WHAT THE EXERCISE ASKS >> The listing below should be printed exactly, every line of it. Skip the pictures.

RECORDED DATA >>

· · · ·

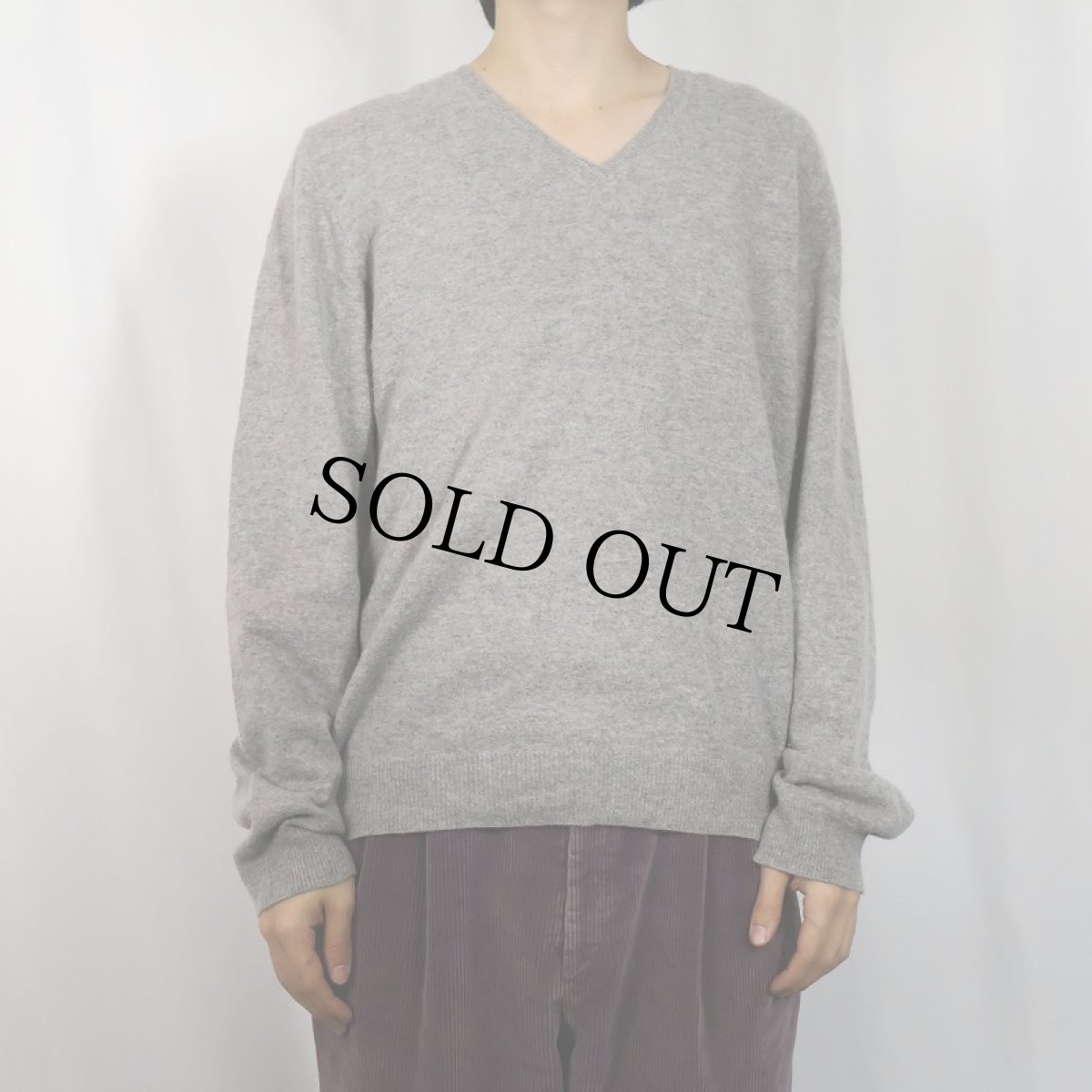 画像2: NIGEL HALL Vネック カシミアニットセーター  (2)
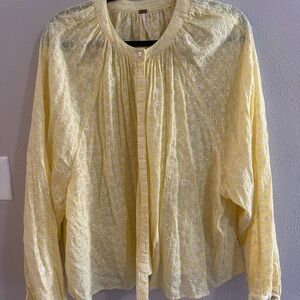 Free People Light Yellow Embroidered Top 100% cotton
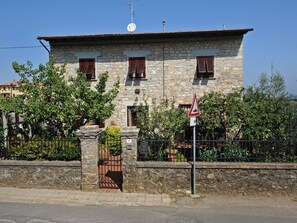 Esterni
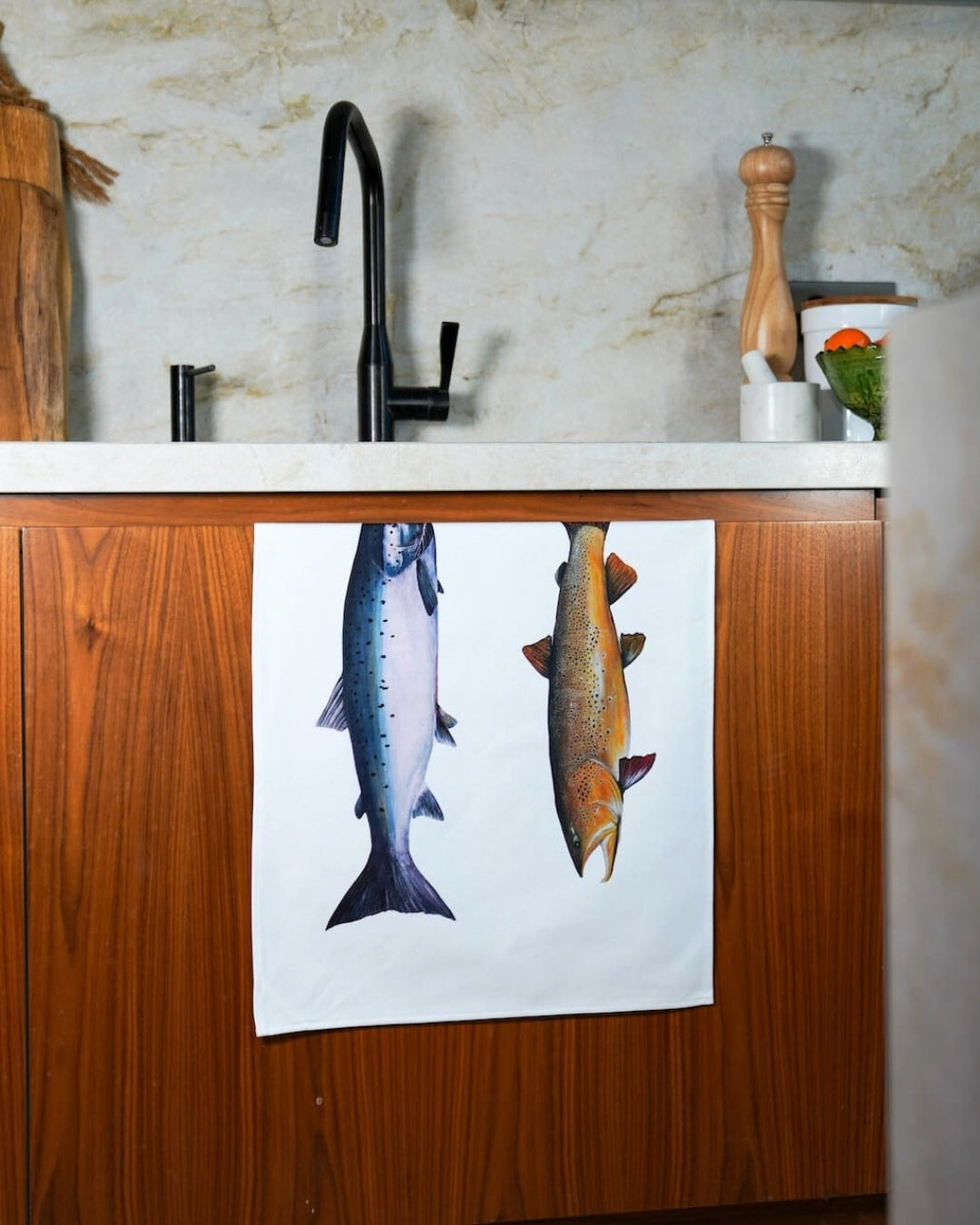 100% cotton tea towel: Salmonidae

· · · ·

EXERCISE ANSWER >>
 画像2: NIGEL HALL Vネック カシミアニットセーター  (2)
 Free People Light Yellow Embroidered Top 100% cotton
 Esterni
 100% cotton tea towel: Salmonidae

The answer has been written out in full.